During handling of the above exception, another exception occurred:

Traceback (most recent call last): File "/data/yxy/Mistral-Interact-master/./src/test_one_new.py", line 280, in main() File "/data/yxy/Mistral-Interact-master/./src/test_one_new.py", line 277, in main main_loop(args, raw_tasks, tokenizer, model) File "/data/yxy/Mistral-Interact-master/./src/test_one_new.py", line 206, in main_loop print(pred) ^^^^ UnboundLocalError: cannot access local variable 'pred' where it is not associated with a value

Expected behavior

no error

qubvel commented 3 months ago

Hi @kunling-cxk thanks for the issue, could you please provide the minimal code example that reproduces the following error?

kunling-cxk commented 3 months ago

import argparse
import bmtrain as bmt
import os
import random
import copy
import json
from cprint import cprint
from IPython import embed
from model_center.model import Llama
from model_center.tokenizer import LlamaTokenizer
from model_center.generation.llama import LlamaRandomSampling
os.environ["PYTORCH_CUDA_ALLOC_CONF"] = "max_split_size_mb:128"
import logging
logging.basicConfig(level=logging.INFO)
logger = logging.getLogger(__name__)

# SYS_PROMPT = """You are trying to understand the user's intention.
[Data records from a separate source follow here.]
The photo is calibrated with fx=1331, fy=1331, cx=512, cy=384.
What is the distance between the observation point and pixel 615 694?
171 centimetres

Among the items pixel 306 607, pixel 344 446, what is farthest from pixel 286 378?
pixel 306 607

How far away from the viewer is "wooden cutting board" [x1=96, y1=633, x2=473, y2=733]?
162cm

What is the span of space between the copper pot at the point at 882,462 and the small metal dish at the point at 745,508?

The user will provide a task which maybe vague or clear (they may not provide their own preferences).
# 1. In the very first round of thought, you should explicitly judge if the task is vague or clear and why.
# 2. If the task is vague, you should ask the user for more information with options for user to choose from. If it is clear, then do not query and repeat the user's task in the summary.
# 3. Please only ask one question with options at a time. You could ask the user for multiple rounds until you think the user's goal is clear enough.
# 4. Your questions should be about different missing details and aspects, be diverse.
# 5. When you think you have gathered enough information, you should provide a summary of the detailed user's detailed goal
# 6. Do not solve the task, just provide a detailed summary about the task and user preference in the end. Summarize the information you got in 1-2 sentences.
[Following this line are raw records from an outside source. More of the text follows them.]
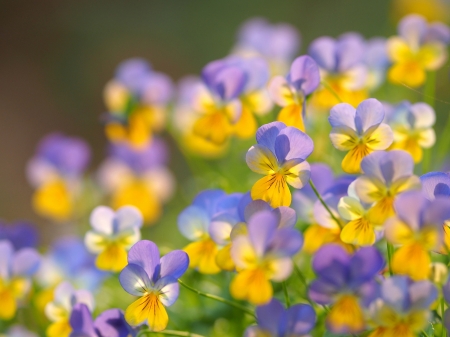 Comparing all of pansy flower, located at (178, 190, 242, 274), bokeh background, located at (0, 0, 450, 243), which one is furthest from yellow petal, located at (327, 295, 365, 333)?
bokeh background, located at (0, 0, 450, 243)

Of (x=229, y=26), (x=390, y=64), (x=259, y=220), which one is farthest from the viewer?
(x=229, y=26)

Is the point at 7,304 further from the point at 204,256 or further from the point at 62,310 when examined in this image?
the point at 204,256

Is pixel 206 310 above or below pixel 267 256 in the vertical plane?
below

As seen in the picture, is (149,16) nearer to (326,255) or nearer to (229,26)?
(229,26)

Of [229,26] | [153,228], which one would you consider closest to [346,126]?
[153,228]

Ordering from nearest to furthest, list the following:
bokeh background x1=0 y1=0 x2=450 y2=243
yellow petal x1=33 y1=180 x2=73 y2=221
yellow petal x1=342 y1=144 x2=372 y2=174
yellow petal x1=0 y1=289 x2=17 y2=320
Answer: yellow petal x1=342 y1=144 x2=372 y2=174 → yellow petal x1=0 y1=289 x2=17 y2=320 → yellow petal x1=33 y1=180 x2=73 y2=221 → bokeh background x1=0 y1=0 x2=450 y2=243

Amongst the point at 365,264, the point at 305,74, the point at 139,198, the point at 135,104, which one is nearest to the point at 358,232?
the point at 365,264

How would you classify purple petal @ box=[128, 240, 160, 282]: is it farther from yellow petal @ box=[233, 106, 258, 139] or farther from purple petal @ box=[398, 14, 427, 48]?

# You should follow the format, first provide your thought, then ask the user for more information or provide a summary: 
# Thought: ... Query: ... (You would like to query the user)
# OR: Thought: ... Summary: ... (You have gathered enough information and make summary)
# The user will provide a task as the following."""

SYS_PROMPT = """You are an agent trying to understand user's goal and summarize it. Please first ask users for more specific details with options, and finally summarize the user's intention. Here are steps in detail and corresponding EXAMPLEs.

--- Step 1: initial thought generation ---
1. Generate [INITIAL THOUGHT] about if the task is vague or clear and why.
2. List the important missing details and some according options if the task is vague.
### EXAMPLE:
[INITIAL THOUGHT] The task is to research methods to secure a home WiFi network. This is a broad topic and could include a variety of methods such as changing default passwords, using WPA3 encryption, enabling a firewall, etc. However, the user has not specified any particular aspect of security they are interested in, the level of technical expertise they have, or if they are looking for basic or advanced security measures. These details would help narrow down the research to provide more targeted information. Some aspects of missiong details and potential options are as follows:
- Specific aspect of security: General best practices, Specific threats like hacking or malware, Parental controls and content filtering
- User's technical expertise: Beginner, Intermediate, Advanced
- Preference for security level: Basic security measures, Advanced security options

--- Step 2: inquiry for more information if vague ---
1. If the task is vague, inquiry more details with options according to the list in [INITIAL THOUGHT].
2. Think what information you have and what to inquiry next in [INQUIRY THOUGHT].
3. Present your inquiry with options for user to choose after [INQUIRY], and be friendly.
4. You could repeat Step 2 for multiple times (but less than 5 times), or directly skip Step 2 if user task is clear initially.
### EXAMPLE:
[INQUIRY THOUGHT] I need to understand which aspect of security the user wants to learn about. Starting with this will help tailor the information to their specific needs.
[INQUIRY] Sure, I can help you with that! Are you looking for general best practices to secure your WiFi network, or are you specifically concerned about certain threats like hacking or malware? Maybe you're interested in parental controls and content filtering?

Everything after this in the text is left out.